About 75 to 100 Boeing employees attended a meeting hosted by the International Association of Machinists and Aerospace Workers last week, and the union expects to host more meetings for Boeing South Carolina workers.
By Matt Tomsic
Published Oct. 22, 2012
The International Association of Machinists and Aerospace Workers plans to host more informational meetings for Boeing South Carolina workers.
Between 75 and 100 employees attended last Tuesday’s meeting, said Frank Larkin, a spokesman at the headquarters of the Machinists union, and their questions were general, focusing on legal rights, elections, contracts and employee’s at-will work status. Boeing employs about 6,100 at its North Charleston campus.
“The IAM has maintained contact with supporters at the Boeing South Carolina facility, and they’ve maintained contact with us,” Larkin said a few days before the meeting. “The meeting is for Boeing employees who are interested in finding out more about their collective bargaining rights.”
A Boeing spokeswoman said any organizing comes down to economics, and the Machinists union has to collect dues from North Charleston workers to be viable.
“This is the same union who wanted to move our South Carolina work to Washington when they filed the (National Labor Relations Board charge),” said spokeswoman Candy Eslinger, referring to the charge that led to an NLRB complaint. It argued the new assembly line constituted an unfair labor practice and Boeing’s decision to expand in South Carolina was retaliation against the union in Washington state for past strikes.
“And it’s the same union that made the disparaging comments about the quality of South Carolina workers during that same time,” she said.
Eslinger said Boeing wants its employees to gather all the facts before making any decision, and the company wants its employees to have the freedom to choose whether they want to join a union.
“We’ve been a target for the IAM since the former Vought teammates decertified that union in 2009,” Eslinger said. “We certainly hope that we don’t have a good majority of our teammates who are supporting the union; but right now, we’re just not going to speculate on that.”
Jeffrey Keefe, an associate professor at Rutgers University’s School of Management and Labor Relations, said he’s unsure how the meetings and any potential organizing drive will play out.
“It will depend on Boeing’s response,” Keefe said. “And I suspect that Boeing is not going to want workers to join the union, but maybe it will be a more civilized response.

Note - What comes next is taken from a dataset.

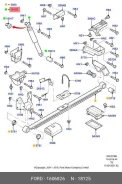 ����������� ���. tra06 rwd 430e/460e ��.epc! ford | ��� | Ford 1606826 1606826 ����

Boeing is a highly unionized company throughout the United States.”
The state’s right-to-work laws could make the Machinists union’s operations more difficult if it organizes the workforce. The law doesn’t make union membership compulsory, meaning the union can’t collect dues from a company’s entire workforce but still represents everyone.
“It shouldn’t make it more difficult to organize, except the business community in South Carolina is pretty hostile to unions,” Keefe said. “Even if Boeing wants to have a relationship, I think the business community as a whole will be hostile to having another unionized employer in South Carolina.”
Keefe also said the Machinists union will have a tougher sell in North Charleston.
“I think the real question for this whole process is what does Boeing want out of its labor relations and what does it want out of South Carolina,” he said. “And that’s always unclear with Boeing. Boeing historically has had some pretty aggressive labor relations even in Seattle, Wash. I think they’ve always been conflictual.”